OK, we get around 88% of accuracy with this simple model. Let’s try the same validation technique to check the performance of a RandomForestClassifier:

from sklearn.ensemble import RandomForestClassifier
result = cross_validate(RandomForestClassifier(n_estimators=100,n_jobs=-1), data[predictors], y=data[target], groups=data.icao, scoring="accuracy", cv=GroupKFold(), n_jobs=-1)

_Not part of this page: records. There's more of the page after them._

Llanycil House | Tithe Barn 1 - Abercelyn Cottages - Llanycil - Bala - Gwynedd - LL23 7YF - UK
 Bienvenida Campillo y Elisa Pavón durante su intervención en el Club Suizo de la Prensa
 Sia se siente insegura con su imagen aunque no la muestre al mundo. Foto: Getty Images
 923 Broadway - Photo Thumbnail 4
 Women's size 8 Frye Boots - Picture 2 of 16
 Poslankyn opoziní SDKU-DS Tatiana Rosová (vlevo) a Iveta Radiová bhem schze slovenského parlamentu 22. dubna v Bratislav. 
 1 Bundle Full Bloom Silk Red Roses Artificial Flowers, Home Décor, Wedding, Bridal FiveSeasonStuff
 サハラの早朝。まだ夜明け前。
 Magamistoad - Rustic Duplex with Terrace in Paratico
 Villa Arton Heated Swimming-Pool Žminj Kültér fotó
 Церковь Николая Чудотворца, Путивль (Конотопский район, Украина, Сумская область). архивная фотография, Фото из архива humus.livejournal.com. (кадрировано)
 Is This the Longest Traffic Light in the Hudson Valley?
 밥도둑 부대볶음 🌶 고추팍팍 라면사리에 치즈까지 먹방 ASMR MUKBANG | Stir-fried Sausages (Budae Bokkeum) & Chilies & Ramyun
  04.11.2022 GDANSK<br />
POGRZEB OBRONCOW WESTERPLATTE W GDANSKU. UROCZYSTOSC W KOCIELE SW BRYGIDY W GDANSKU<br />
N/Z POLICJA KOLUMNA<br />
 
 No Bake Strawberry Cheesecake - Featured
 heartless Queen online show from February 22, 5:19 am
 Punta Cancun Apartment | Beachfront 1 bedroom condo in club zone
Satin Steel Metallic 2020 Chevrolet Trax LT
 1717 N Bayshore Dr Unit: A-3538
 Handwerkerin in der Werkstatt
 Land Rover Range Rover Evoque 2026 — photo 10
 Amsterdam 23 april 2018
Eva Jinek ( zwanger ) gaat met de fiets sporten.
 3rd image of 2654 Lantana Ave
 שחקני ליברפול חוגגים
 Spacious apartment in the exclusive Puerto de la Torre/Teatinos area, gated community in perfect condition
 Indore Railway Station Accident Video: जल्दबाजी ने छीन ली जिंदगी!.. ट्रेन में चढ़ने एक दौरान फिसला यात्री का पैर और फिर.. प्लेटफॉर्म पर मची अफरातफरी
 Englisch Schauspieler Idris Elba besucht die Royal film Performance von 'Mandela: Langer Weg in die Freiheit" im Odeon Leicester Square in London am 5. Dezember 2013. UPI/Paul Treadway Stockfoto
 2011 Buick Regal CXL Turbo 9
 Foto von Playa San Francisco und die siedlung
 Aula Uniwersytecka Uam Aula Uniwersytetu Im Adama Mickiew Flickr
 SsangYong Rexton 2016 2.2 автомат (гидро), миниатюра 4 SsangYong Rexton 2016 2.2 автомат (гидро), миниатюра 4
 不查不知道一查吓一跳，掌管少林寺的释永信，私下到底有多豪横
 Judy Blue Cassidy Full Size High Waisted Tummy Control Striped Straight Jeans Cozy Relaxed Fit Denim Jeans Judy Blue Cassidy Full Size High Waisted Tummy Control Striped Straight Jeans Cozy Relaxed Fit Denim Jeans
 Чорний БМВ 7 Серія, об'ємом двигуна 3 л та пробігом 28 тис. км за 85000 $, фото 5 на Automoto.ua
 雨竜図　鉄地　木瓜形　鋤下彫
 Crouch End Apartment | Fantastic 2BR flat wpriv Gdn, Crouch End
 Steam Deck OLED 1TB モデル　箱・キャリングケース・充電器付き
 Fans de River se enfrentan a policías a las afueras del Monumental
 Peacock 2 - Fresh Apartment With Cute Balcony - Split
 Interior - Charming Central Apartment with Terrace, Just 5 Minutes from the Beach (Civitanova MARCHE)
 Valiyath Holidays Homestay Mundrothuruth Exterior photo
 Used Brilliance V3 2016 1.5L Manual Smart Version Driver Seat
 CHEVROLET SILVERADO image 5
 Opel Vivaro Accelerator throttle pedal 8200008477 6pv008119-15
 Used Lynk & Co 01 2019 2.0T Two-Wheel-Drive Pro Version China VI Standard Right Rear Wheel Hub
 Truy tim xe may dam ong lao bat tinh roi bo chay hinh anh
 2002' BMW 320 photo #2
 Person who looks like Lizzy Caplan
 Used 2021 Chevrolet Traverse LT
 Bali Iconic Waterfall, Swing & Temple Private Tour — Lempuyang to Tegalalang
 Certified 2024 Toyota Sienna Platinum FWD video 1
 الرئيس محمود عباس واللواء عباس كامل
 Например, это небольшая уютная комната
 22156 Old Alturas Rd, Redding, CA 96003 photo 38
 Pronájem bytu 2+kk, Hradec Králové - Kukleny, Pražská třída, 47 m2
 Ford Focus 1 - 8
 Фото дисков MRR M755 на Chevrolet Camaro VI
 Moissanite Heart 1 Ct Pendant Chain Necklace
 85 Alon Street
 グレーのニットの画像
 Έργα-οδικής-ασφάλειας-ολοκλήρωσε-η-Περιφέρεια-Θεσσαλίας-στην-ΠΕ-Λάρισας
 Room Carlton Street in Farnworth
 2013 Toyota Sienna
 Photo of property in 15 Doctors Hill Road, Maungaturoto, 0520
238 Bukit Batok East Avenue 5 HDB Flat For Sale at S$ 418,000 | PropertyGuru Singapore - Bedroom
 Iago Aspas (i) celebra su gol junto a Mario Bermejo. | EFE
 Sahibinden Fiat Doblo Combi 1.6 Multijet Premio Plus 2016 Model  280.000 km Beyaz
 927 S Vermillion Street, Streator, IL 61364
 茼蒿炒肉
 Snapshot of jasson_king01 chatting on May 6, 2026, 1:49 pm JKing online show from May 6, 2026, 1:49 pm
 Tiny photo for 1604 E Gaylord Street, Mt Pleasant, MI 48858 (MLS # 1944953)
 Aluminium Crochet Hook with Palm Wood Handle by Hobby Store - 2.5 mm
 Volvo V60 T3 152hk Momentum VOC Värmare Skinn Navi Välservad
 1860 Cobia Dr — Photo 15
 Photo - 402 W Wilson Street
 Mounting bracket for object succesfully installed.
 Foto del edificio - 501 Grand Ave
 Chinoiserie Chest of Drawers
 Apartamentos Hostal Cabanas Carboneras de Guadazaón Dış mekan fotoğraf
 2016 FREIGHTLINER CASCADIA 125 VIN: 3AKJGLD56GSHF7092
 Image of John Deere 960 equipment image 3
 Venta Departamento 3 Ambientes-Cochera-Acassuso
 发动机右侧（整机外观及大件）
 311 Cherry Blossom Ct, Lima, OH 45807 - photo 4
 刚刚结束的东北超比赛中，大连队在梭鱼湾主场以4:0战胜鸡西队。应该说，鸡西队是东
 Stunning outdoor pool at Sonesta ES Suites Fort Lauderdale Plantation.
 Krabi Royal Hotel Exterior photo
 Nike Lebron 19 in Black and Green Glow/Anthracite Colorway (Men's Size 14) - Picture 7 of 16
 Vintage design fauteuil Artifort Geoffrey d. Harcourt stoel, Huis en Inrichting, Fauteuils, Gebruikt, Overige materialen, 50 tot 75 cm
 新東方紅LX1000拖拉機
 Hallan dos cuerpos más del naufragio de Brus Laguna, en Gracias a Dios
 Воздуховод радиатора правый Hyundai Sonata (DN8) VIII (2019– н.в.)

# Print average accuracy score
result["test_score"].mean()
0.9328457768685647

Nice, with ~93% accuracy that looks even better. So let’s go ahead and train the classifiers on our data. In order to additionally guarantee temporal independence, we split the data set into the years 2005 (for training) and 2006 (for testing):

data_train = data[data.time.dt.year==2005]
data_test  = data[data.time.dt.year==2006]
predictors = ["IR_016","IR_039","IR_087","IR_097","IR_108","IR_120","IR_134","VIS006","VIS008","WV_062","WV_073","dem"]
target     = "cloudcover"

rf_model = RandomForestClassifier(n_estimators=100,n_jobs=-1)
rf_model.fit(data_train[predictors], data_train[target])
print(rf_model.score(data_test[predictors], data_test[target]))

kn_model = KNeighborsClassifier(n_neighbors=5,n_jobs=-1)
kn_model.fit(data_train[predictors], data_train[target])
print(kn_model.score(data_test[predictors], data_test[target]))
0.910585895670797
0.8617485084901331

We see that both models trained on data from 2005 reach good scores (RF: 91% and KN: 86%) for the test data from 2006.

We can now save our models for later use:

import joblib

joblib.dump(rf_model,"rf_classifier.model")
joblib.dump(kn_model,"kn_classifier.model")
['kn_classifier.model']

Task

Design and train an ML model suitable to build a cloud mask (cloudy yes/no) based on the provided MSG data. Don’t forget to enhance your model via hyperparameter tuning and feature selection.